» **What you have to do**
Return the records that follow unaltered. Omit every picture.

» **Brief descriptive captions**
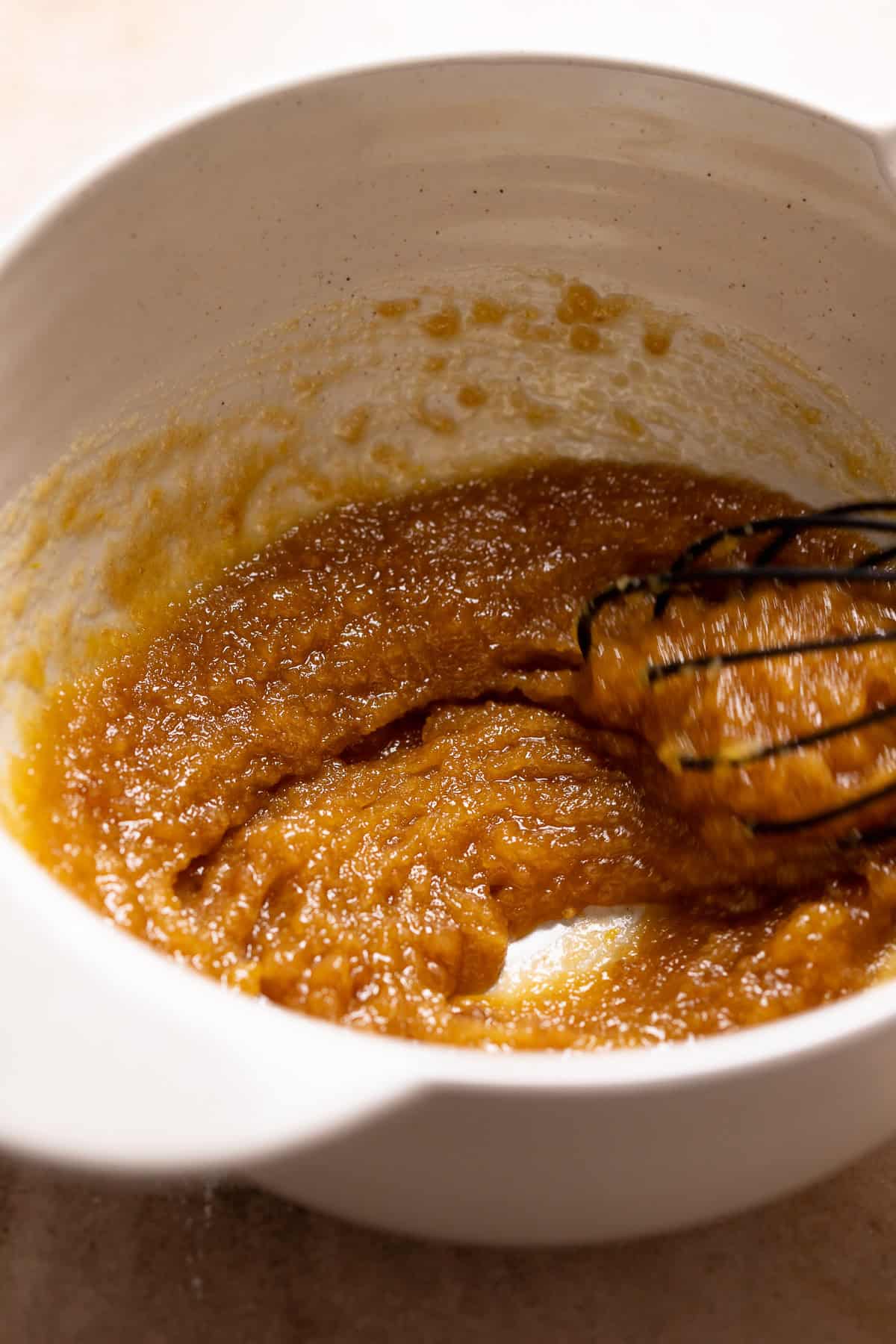 A whisk mixing the butter and sugars together.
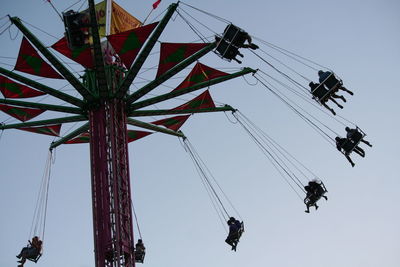 Low angle view of ferris wheel against sky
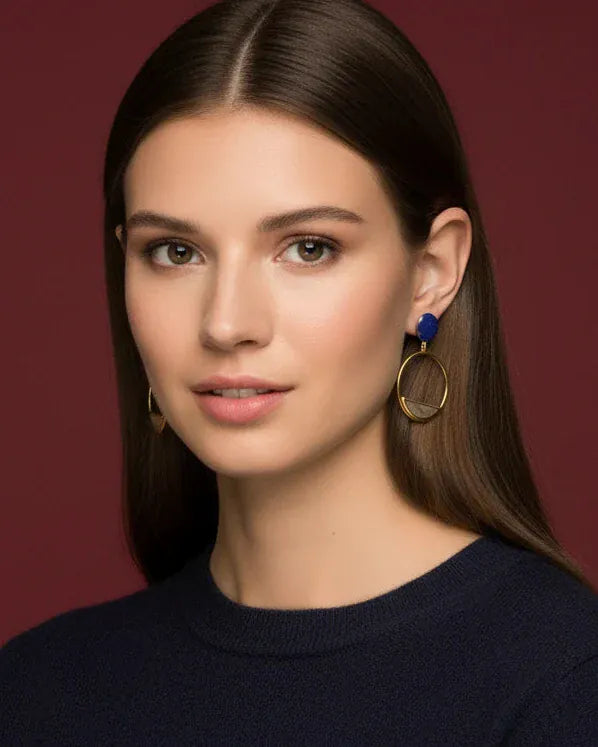 Gold-toned Kaya earrings by Bombaybirds featuring intricate design and elegant dangle style with textured details.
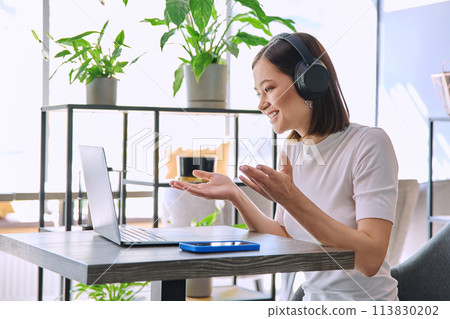 Young woman in headphones having work video chat conference call, using laptop in cafe Young woman in headphones having work video chat conference call, using laptop in cafe 113830202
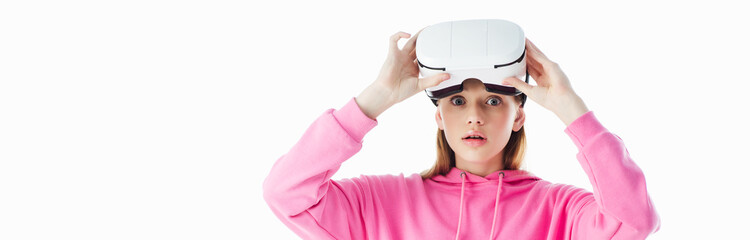 Wall Mural - panoramic shot of shocked teenage girl in pink hoodie wearing vr headset isolated on white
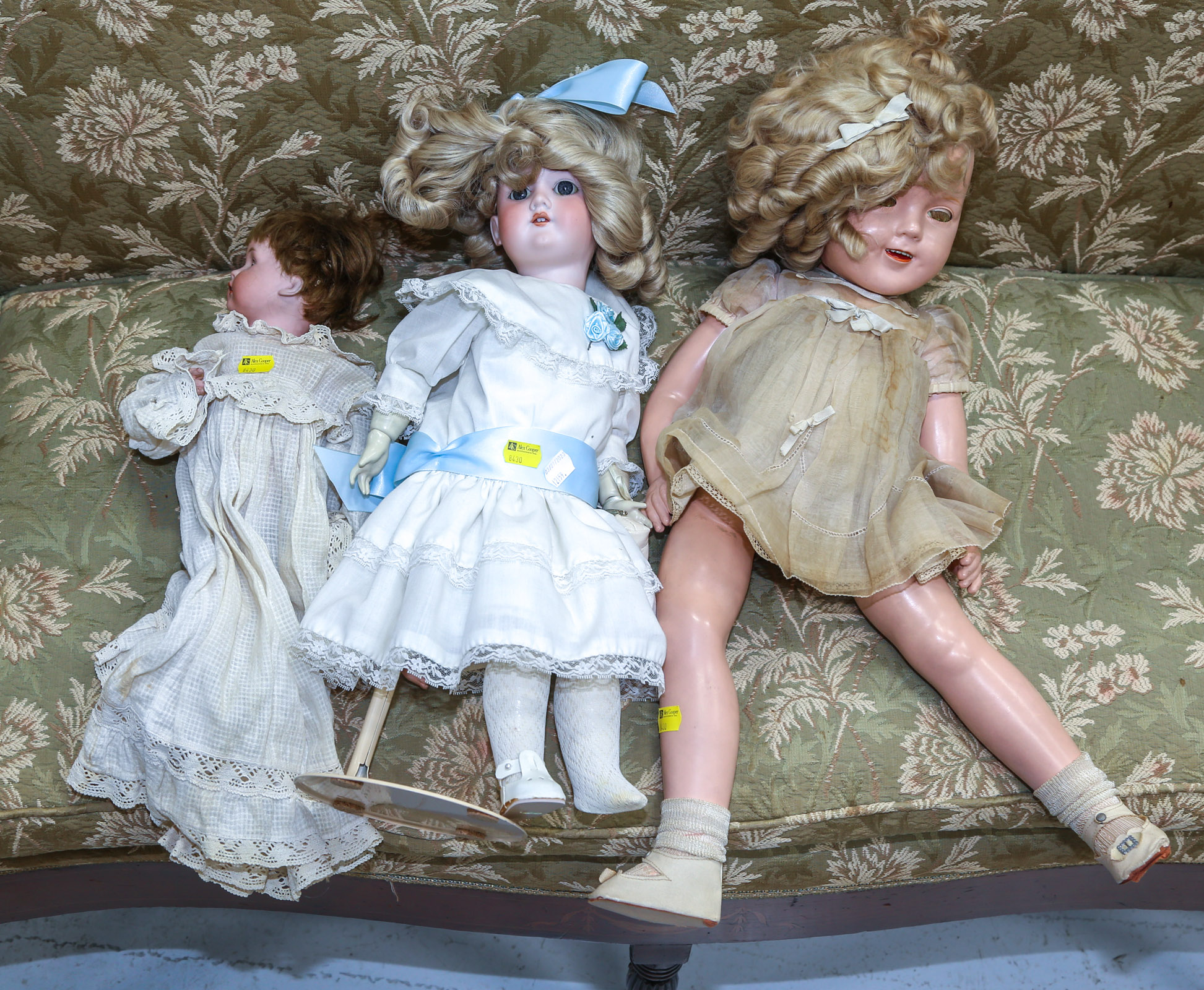 TWO GERMAN BISQUE BEAD DOLLS With a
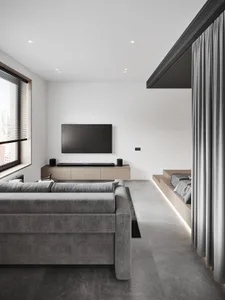 Modern minimalist living room featuring a concrete floor, grey sofa, and a television mounted on the wall.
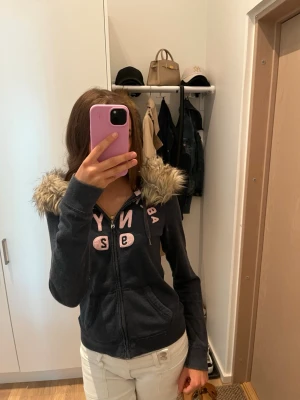 Mörkblå Abercrombie hoodie med fuskpäls - Mysig mörkblå hoodie från Abercrombie med dragkedja, rosa tryck på bröstet och stor huva kantad med fluffig fuskpäls. Två fickor framtill och långa ärmar. Perfekt för dig som gillar en chill och snygg streetstil. Köpt på vinted💗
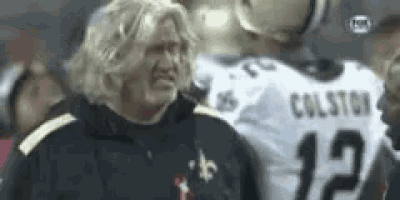 a man wearing a wig is standing next to a football player wearing a number 12 jersey .
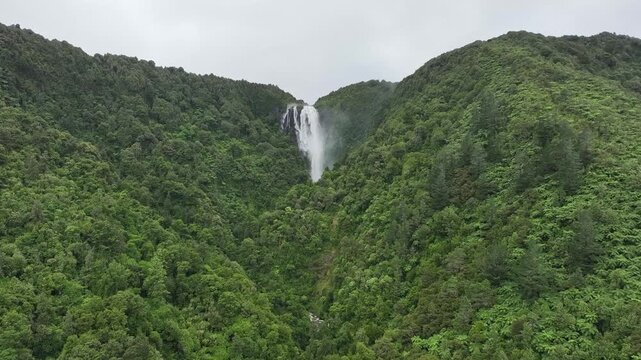 Aerial Wide Shot of a Majesic Waterfall in a Deep Lus Green Forest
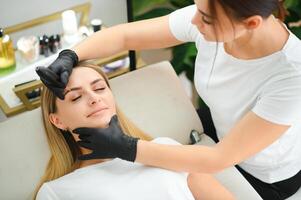 proceso de creando permanente frente maquillaje con un máquina a belleza salón foto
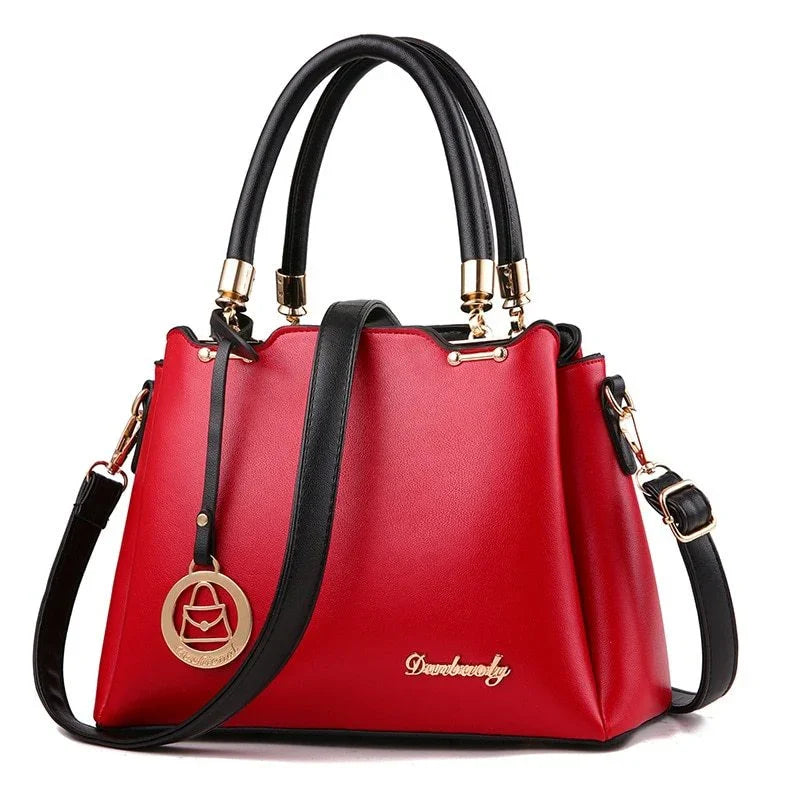 Red leather handbag with black handles, gold hardware, and detachable shoulder strap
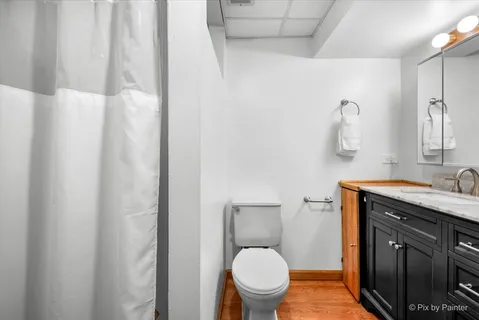a bathroom with a granite countertop toilet sink and mirror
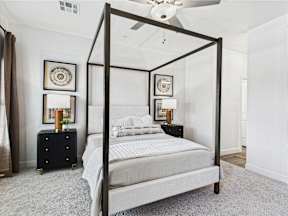 A four poster bed with a white bedspread and a white pillow.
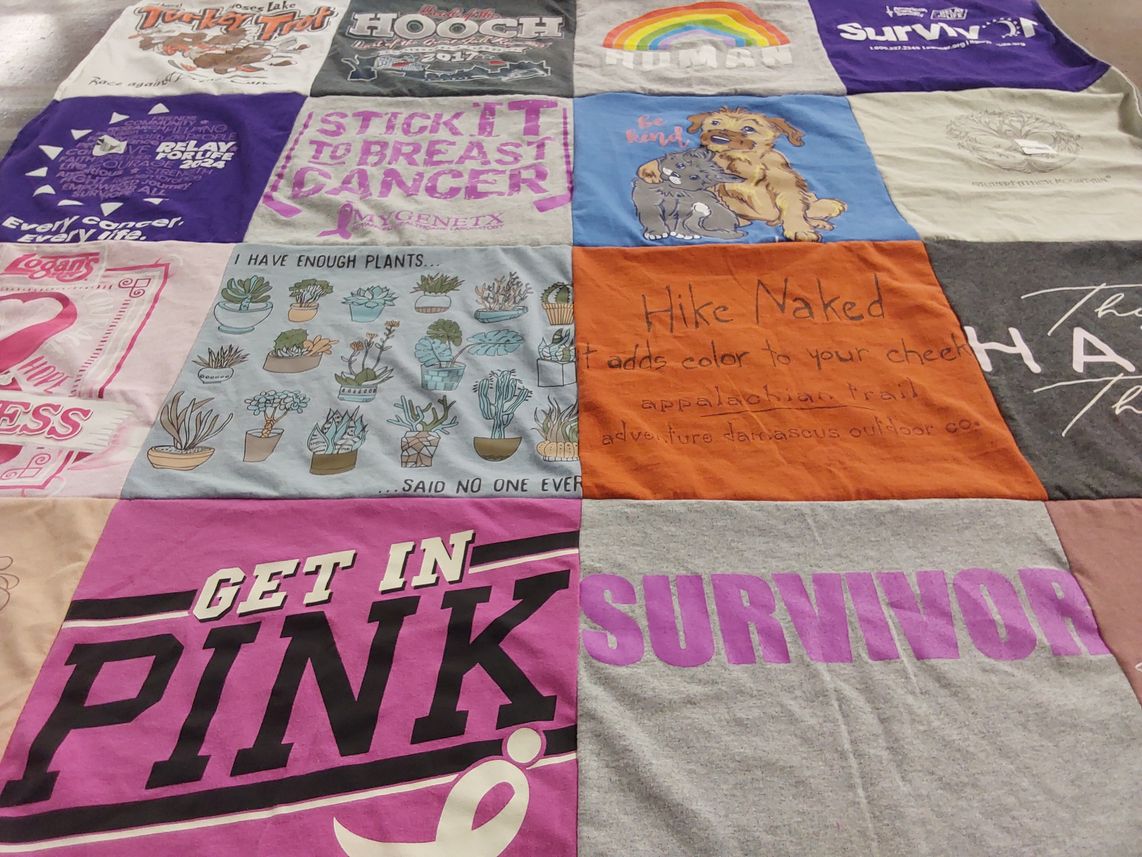 T-shirt quilt with breast cancer awareness, hiking themes by Regina from GA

» **Answer**
 A whisk mixing the butter and sugars together.
 Low angle view of ferris wheel against sky
 Gold-toned Kaya earrings by Bombaybirds featuring intricate design and elegant dangle style with textured details.
 Young woman in headphones having work video chat conference call, using laptop in cafe Young woman in headphones having work video chat conference call, using laptop in cafe 113830202
 Wall Mural - panoramic shot of shocked teenage girl in pink hoodie wearing vr headset isolated on white
 TWO GERMAN BISQUE BEAD DOLLS With a
 Modern minimalist living room featuring a concrete floor, grey sofa, and a television mounted on the wall.
 Mörkblå Abercrombie hoodie med fuskpäls - Mysig mörkblå hoodie från Abercrombie med dragkedja, rosa tryck på bröstet och stor huva kantad med fluffig fuskpäls. Två fickor framtill och långa ärmar. Perfekt för dig som gillar en chill och snygg streetstil. Köpt på vinted💗
 a man wearing a wig is standing next to a football player wearing a number 12 jersey .
 Aerial Wide Shot of a Majesic Waterfall in a Deep Lus Green Forest
 proceso de creando permanente frente maquillaje con un máquina a belleza salón foto
 Red leather handbag with black handles, gold hardware, and detachable shoulder strap
a bathroom with a granite countertop toilet sink and mirror
 A four poster bed with a white bedspread and a white pillow.
 T-shirt quilt with breast cancer awareness, hiking themes by Regina from GA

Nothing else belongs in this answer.